"The best way to give advice to your children is to find out what they want and then advise them to do it"
About this Quote
Parental advice often fails because it collides with a childs need for autonomy. The line suggests a counterintuitive strategy: before lecturing, listen. Discover what the child actually wants, then frame guidance around helping them pursue it well. Advice becomes collaboration rather than command, preserving dignity and making it more likely to be heard.
There is a motivational logic underneath. People commit more deeply to plans they feel are theirs. By aligning counsel with the childs own goals, a parent shifts from pushing to enabling, from control to coaching. Contemporary psychology echoes this. Autonomy-supportive parenting and motivational interviewing both show that change sticks when it grows from a persons values and aspirations rather than from external pressure.

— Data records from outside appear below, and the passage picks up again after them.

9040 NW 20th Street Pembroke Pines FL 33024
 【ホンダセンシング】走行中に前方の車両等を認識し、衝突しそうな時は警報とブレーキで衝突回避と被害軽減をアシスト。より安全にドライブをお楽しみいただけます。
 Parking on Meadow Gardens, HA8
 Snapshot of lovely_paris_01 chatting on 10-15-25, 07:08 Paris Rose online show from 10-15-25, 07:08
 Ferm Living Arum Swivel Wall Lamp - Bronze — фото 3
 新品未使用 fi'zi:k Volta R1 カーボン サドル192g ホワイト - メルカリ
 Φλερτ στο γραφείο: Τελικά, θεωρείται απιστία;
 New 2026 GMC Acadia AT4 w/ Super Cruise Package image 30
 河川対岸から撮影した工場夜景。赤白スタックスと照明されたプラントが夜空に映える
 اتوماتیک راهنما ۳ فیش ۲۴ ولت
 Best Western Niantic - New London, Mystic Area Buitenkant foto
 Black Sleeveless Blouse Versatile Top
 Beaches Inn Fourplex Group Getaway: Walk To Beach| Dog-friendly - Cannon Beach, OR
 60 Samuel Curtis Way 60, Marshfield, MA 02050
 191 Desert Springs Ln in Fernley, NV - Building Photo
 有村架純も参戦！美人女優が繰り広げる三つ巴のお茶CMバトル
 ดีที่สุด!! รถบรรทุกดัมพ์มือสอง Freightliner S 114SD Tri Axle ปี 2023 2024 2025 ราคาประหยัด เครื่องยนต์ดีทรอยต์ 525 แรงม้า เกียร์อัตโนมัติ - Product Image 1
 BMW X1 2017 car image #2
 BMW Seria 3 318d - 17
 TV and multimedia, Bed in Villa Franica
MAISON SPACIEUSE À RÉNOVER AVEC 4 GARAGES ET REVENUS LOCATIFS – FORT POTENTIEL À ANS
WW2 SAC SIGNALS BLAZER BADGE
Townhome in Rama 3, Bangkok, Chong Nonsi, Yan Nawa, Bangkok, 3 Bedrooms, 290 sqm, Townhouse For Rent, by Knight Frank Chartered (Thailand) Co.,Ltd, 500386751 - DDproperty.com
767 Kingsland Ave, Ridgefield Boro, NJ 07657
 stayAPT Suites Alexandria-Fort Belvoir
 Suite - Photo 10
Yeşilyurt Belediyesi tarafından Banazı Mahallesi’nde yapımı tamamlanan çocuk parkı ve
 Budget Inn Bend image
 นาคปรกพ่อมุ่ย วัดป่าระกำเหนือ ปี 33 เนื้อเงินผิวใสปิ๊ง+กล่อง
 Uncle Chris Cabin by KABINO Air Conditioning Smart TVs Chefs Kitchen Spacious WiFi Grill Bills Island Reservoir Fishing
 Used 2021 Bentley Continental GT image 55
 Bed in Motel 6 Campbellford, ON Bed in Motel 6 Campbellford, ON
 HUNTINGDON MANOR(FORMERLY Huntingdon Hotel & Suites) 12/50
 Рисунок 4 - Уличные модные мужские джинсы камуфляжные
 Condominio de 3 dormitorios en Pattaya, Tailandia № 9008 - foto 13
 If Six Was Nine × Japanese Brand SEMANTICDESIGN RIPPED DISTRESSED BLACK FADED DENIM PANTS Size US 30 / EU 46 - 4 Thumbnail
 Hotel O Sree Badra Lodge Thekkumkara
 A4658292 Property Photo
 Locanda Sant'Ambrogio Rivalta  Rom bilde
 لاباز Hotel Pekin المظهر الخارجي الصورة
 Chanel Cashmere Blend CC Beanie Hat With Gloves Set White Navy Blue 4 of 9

The point is not indulgence or abdication. It is a call to start with curiosity. A child who wants to be a musician may also need a frank talk about practice, finances, and backup plans. A teen who wants independence still needs boundaries and a safety net. The advice is to respect the direction of the desire while sharpening judgment, adding context, and setting guardrails. Listening first does not silence parental wisdom; it gives that wisdom a path in.
The humor bears Harry Truman’s stamp: plainspoken, practical, a little sly. As a leader he prized ownership and responsibility, the idea that decisions stick better when the decider owns them. Transposed to family life, that ethic honors the childs emerging agency while keeping the adult on hand as a seasoned guide. It also acknowledges the futility of unsolicited lectures; a young person who feels unseen will resist, even if the advice is sound.
Put simply, the line urges parents to transform advice into partnership. Ask what matters to your child. Help them pursue it with realism, courage, and care. Guide without commandeering, so that when they act, they do so as authors of their own lives.
There is a motivational logic underneath. People commit more deeply to plans they feel are theirs. By aligning counsel with the childs own goals, a parent shifts from pushing to enabling, from control to coaching. Contemporary psychology echoes this. Autonomy-supportive parenting and motivational interviewing both show that change sticks when it grows from a persons values and aspirations rather than from external pressure.
The point is not indulgence or abdication. It is a call to start with curiosity. A child who wants to be a musician may also need a frank talk about practice, finances, and backup plans. A teen who wants independence still needs boundaries and a safety net. The advice is to respect the direction of the desire while sharpening judgment, adding context, and setting guardrails. Listening first does not silence parental wisdom; it gives that wisdom a path in.
The humor bears Harry Truman’s stamp: plainspoken, practical, a little sly. As a leader he prized ownership and responsibility, the idea that decisions stick better when the decider owns them. Transposed to family life, that ethic honors the childs emerging agency while keeping the adult on hand as a seasoned guide. It also acknowledges the futility of unsolicited lectures; a young person who feels unseen will resist, even if the advice is sound.
Put simply, the line urges parents to transform advice into partnership. Ask what matters to your child. Help them pursue it with realism, courage, and care. Guide without commandeering, so that when they act, they do so as authors of their own lives.